## ASSIGNMENT
Any picture in the data below should be skipped, while every line is repeated exactly.

## EXERCISE DATA
▼

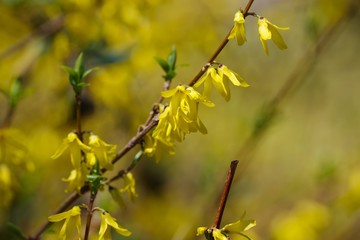 Forsythia (golden bell)

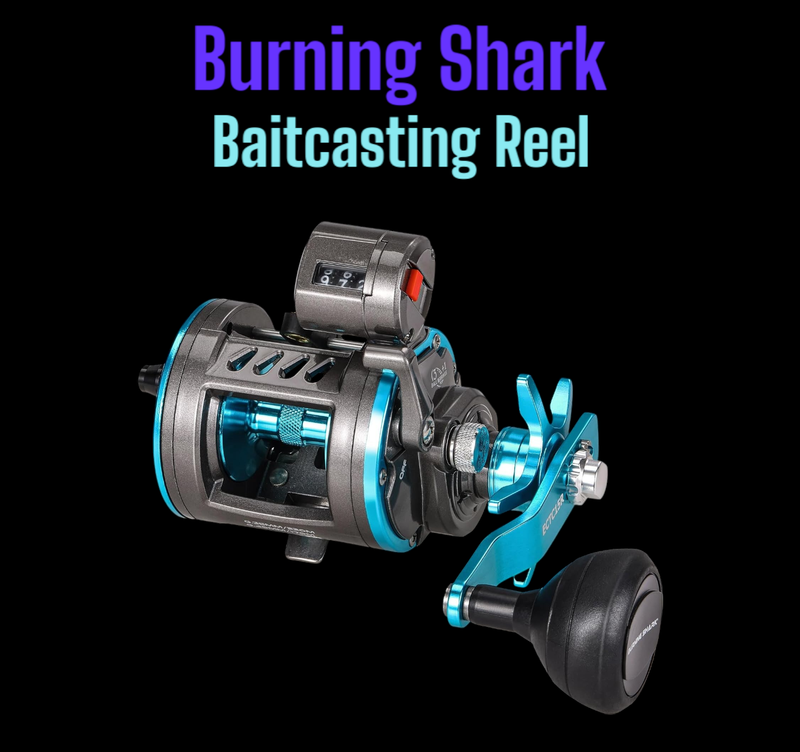 Burning Shark Reel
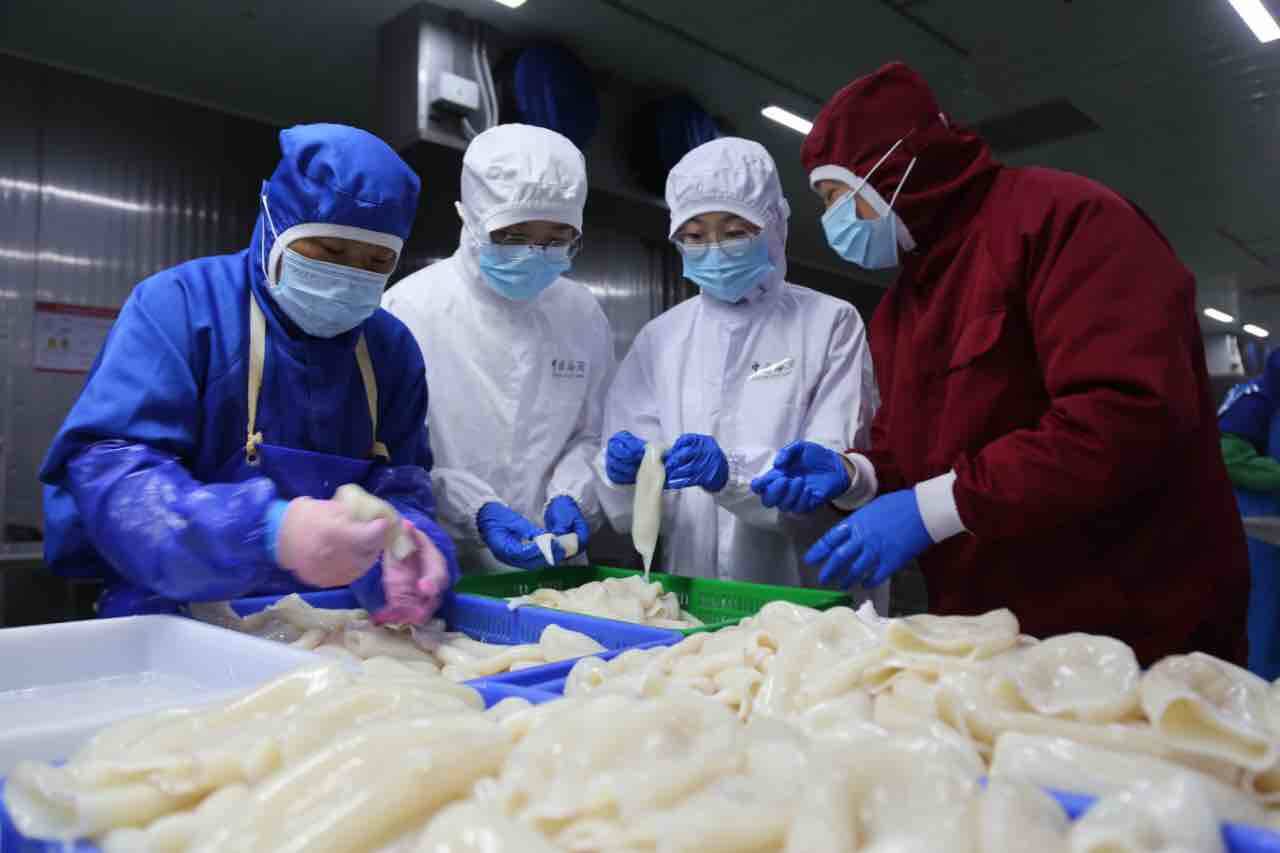 小小魷魚“鏈”通全球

▲

## OUTPUT BELOW
 Forsythia (golden bell)

 Burning Shark Reel
 小小魷魚“鏈”通全球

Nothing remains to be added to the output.